Protocol of the Session on September 9, 2010

Danke, Frau Abgeordnete. Wir treten in die Aussprache ein und ich rufe auf als Erste die Abgeordnete Rothe-Beinlich von der Fraktion BÜNDNIS 90/DIE GRÜNEN.

Sehr geehrter Herr Präsident, meine sehr geehrten Damen und Herren, liebe Frau Dr. Klaubert, ich sehe Ihnen natürlich nach, dass Sie „Grün“ gerade vergessen haben.

(Beifall DIE LINKE)

Sie haben aber ansonsten den Werdegang des Gesetzes ganz gut vorgetragen, wie wir es jetzt haben. Ich möchte auch noch einmal auf die aktuelle Situation eingehen, wie wir sie im Moment in Thüringen erleben.

Erinnern wir uns zurück. 1989/90 gab es ca. 1.200 Bibliotheken in Thüringen, 2008 waren es noch weit weniger als 300. Es gab, das wissen wir alle, dramatische Einbrüche der Kommunen bei den Gewerbesteuereinnahmen. Es gab Kürzungen bei den Schlüsselzuweisungen des Landes und die Bibliotheken, das wissen wir auch, sind als freiwillige Aufgaben - und das ist auch einer der Kritikpunkte, die ich nachher noch genauer ausführen werde - von Kommunen in arger Bedrängnis. Wir sind längst an der Grenze zur Mindestversorgung angekommen und gerade in ländlichen Räumen darauf hat Frau Dr. Klaubert auch schon hingewiesen - ist die Mindestversorgung schon heute nicht mehr gewährleistet, insbesondere in den Orten, wo es keinen Bücherbus mehr gibt.
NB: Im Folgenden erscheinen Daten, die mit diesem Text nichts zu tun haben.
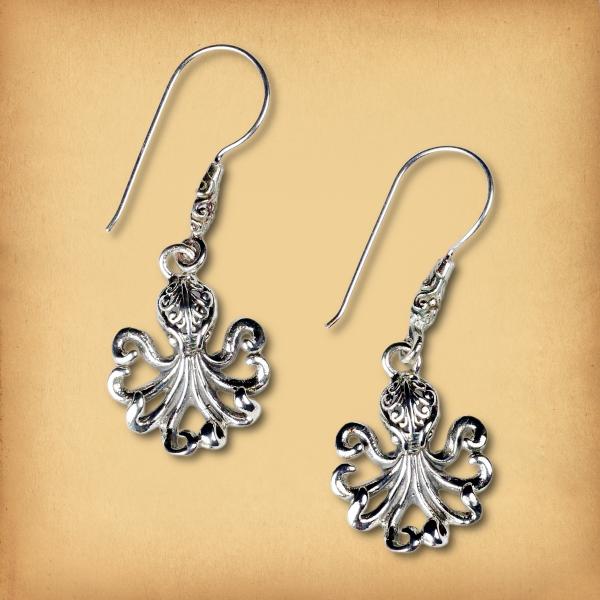 Silver Octopus Earrings - ESS-216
Da stellt sich doch die Frage, ob der Bürger oder die Bürgerin überhaupt noch die Möglichkeit haben, ohne Weiteres an Informationen zu gelangen, wie er oder sie sie in einer Bibliothek vorfindet.
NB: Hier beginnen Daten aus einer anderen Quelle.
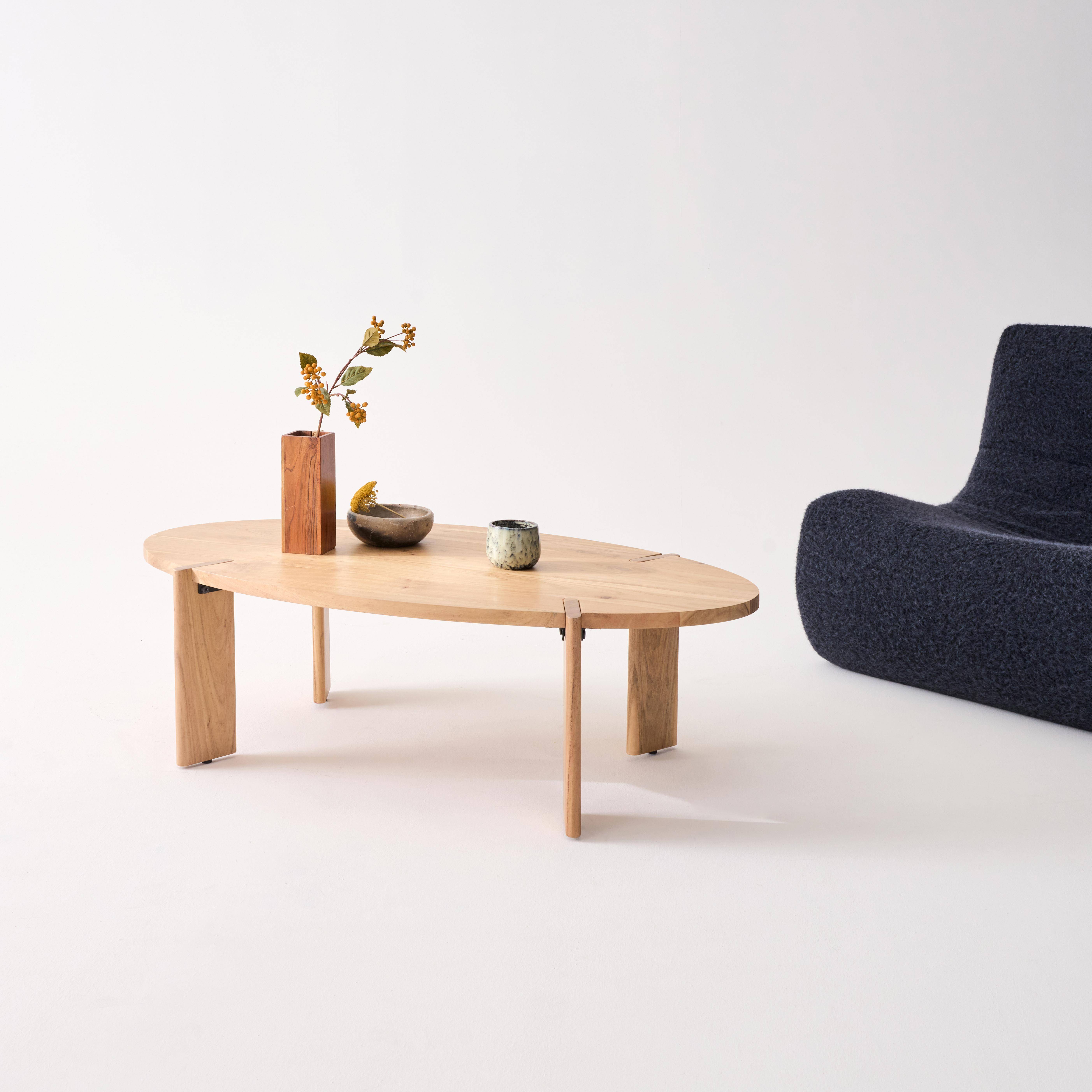 Table basse ovale en bois d'acacia naturel 120cm,sweeek,Photo2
Im Koalitionsvertrag von CDU und SPD, den wir ja immer gern zitieren, heißt es: „Die Koalitionspartner prüfen eine gesetzliche Regelung zur Kulturförderung des Landes. Dabei soll auch der besondere

Förderbedarf für Bibliotheken, Musikschulen und Jugendkunstschulen berücksichtigt werden.“

Ich will noch einmal daran erinnern, was unsere Position immer gewesen ist, auch im Wahlkampf, an den wir uns sicher alle noch erinnern, wo auch häufiger - Frau Dr. Klaubert hat eben schon Äußerungen von Herrn Döring als einem engagierten Abgeordneten in dieser Frage vorgetragen - die Frage eine Rolle spielte, wie wir das Bibliotheksgesetz weiterentwickeln. Wir haben immer gesagt, wir halten das bestehende Bibliotheksgesetz für dringend verbesserungswürdig. Es fehlen klare Regelungen zur finanziellen Beteiligung des Landes an den Bibliotheken, ebenso auch beim Bestandsschutz der Bibliotheken. Wir haben - eben sagte ich es - fast drei Viertel aller öffentlichen Bibliotheken im Freistaat verloren und die Tendenz dauert weiter an. Für uns steht fest, dass wir öffentliche Bibliotheken brauchen, und zwar flächendeckend. Jedem Menschen in Thüringen muss ein Zugang zu einer Bibliothek in seiner Nähe möglich sein.

(Beifall DIE LINKE)

Für den Freistaat sehen wir hier die Aufgabe, den Kommunen entsprechende finanzielle Handlungsmöglichkeiten zu schaffen. Das Land selbst sollte sich - jedenfalls sind wir davon überzeugt - auch am Bestandsausbau beteiligen. Wir haben dazu auch einen Vorschlag gemacht, der sicher zunächst einmal etwas unkonventionell klang, aber wir halten ihn nach wie vor für überlegenswert, nämlich pro Jahr 1 € pro Einwohnerin/Einwohner für die Bibliotheken aufzubringen. Der Freistaat könnte sich daran mit 50 Cent pro Einwohnerin/Einwohner beteiligen. Wir würden diese Idee gern auch in der Beratung im Ausschuss, wo wir hoffentlich mit diesem Gesetz hinkommen werden, zur Diskussion stellen. Der Gesetzesvorschlag der LINKEN greift de facto die Drucksache - einige werden sich an sie erinnern - 4/3503 auf, mit der SPD und LINKE in der letzten Legislatur einen gemeinsamen Gesetzentwurf für ein Thüringer Bibliotheksgesetz vorgelegt haben. Insofern ist es natürlich besonders interessant zu sehen, wie die SPD-Fraktion heute zu ihren damaligen Aktivitäten steht.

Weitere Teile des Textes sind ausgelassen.